Martyrs de Pascal Laugier – Mélancolie du Chaos

Chacun se souvient de sa première fois avec le film Martyrs. Par qui il en a entendu parler, avec qui l’a accompagné pour le découvrir en salles ou celui qui lui a prêté le DVD ou Blu-ray. La première fois est rude, car finalement on ne s’y attend que trop peu. Il faut faire face au film, ses événements, son périple, son fond.
Martyrs est un grand film de cinéma. Une proposition éprouvante, de ses séances de cinéma dont on ne se relance pas de sitôt. On regarde Martyrs pour le besoin de le voir, point par pur plaisir. On affronte le film, les idées de son réalisateur, son parti-pris. Martyrs n’est pas un plaisir de cinéma, mais une réflexion, un exercice, une épreuve.

Frédéric Astruc essaye de comprendre Martyrs via son livre, La Mélancolie du Chaos, paru chez Rouge Profond depuis le 24 mai 2018. Le bouquin sort entre-temps de la sortie du nouveau long-métrage de Pascal Laugier, Ghostland, nouvelle épreuve de cinéma, beaucoup moins rude, mais tout aussi marquante.

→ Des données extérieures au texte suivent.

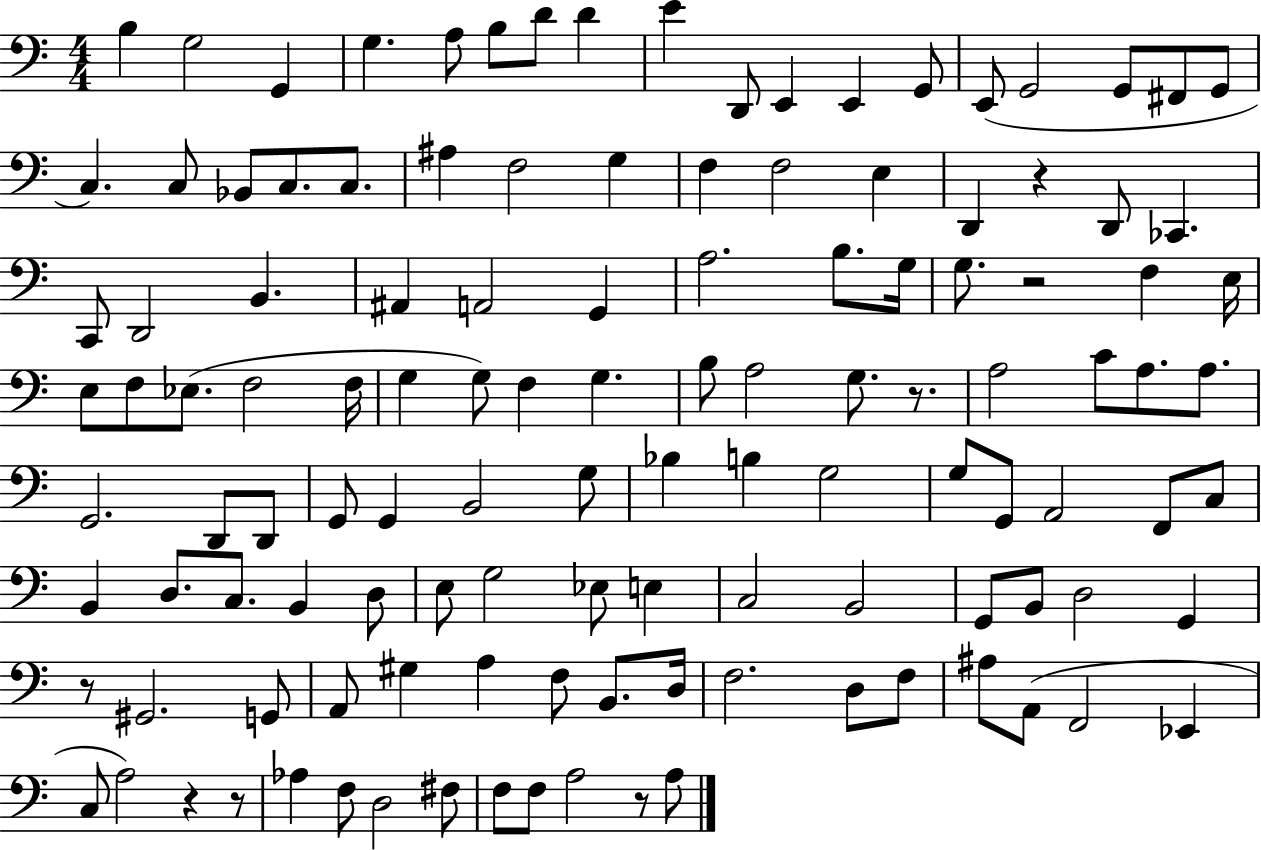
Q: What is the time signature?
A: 4/4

Dans ce livre, dans l’analyse, les traits tirés peuvent rejoindre Ghostland, nous y retrouvons des similitudes évidentes. Comme quoi Martyrs n’est pas un accident, une réponse franche au flop de Saint-Ange, mais un véritable chapitre dans le cinéma de Pascal Laugier.
Il faut passer par la case Martyrs si on s’intéresse un minimum à son cinéma. On ne peut sauter la case « prison » que peut être Martyrs. Justement, ne soyons pas martyrs du cinéma de l’auteur qui est, outre les fulgurances de violences, du très grand cinéma, ouvert et accessible, si on se permet de l’être.

Frédéric Astruc trace des lignes permettant une meilleure acceptation de l’œuvre. On comprend mieux le film, on l’accepte plus facilement après lecture. Le fait est d’accepter le deuxième long-métrage de Pascal Laugier. Ne pas le subir, alors si le livre peut permettre d’être plus apaisé ensuite, il trouve sa grande utilité.
Grande utilité qu’il a pour décrypter toutes les images, les codes et les références d’un film qui en fourmille. Martyrs est un essai riche, une philosophie de l’être, de la recherche et de l’horreur. Outre l’hémoglobine peignant les murs de la maison et du dépeçage de l’actrice principale dans le final du film, Martyrs est un film profond aux multiples facettes. Il n’est finalement pas un film d’horreur, mais la croisade d’un metteur en scène pour comprendre et s’affranchir d’une frustration. La frustration de l’échec, celui de Saint-Ange, mais aussi de ne plus faire de cinéma. Pascal Laugier a tout jeté tel quel sur la pellicule, se mettant à dos son équipe technique, mais trouvant soutien en son ami Benoit Lestang, maquilleur et responsable SFX sur le plateau du film. La fureur de Pascal Laugier est âpre, complexe et philosophique. Une philosophie de cinéma, de rejet des autres, de confiance. Dix ans après sa sortie, Martyrs pèse encore sur les âmes des spectateurs, de ceux qui l’ont revu, des cinéphiles dans les conversations sur le cinéma d’horreur. Le livre de Frédéric Astruc permettra de façon idéale à s’en détacher, à se guérir du livre, de mieux le comprendre.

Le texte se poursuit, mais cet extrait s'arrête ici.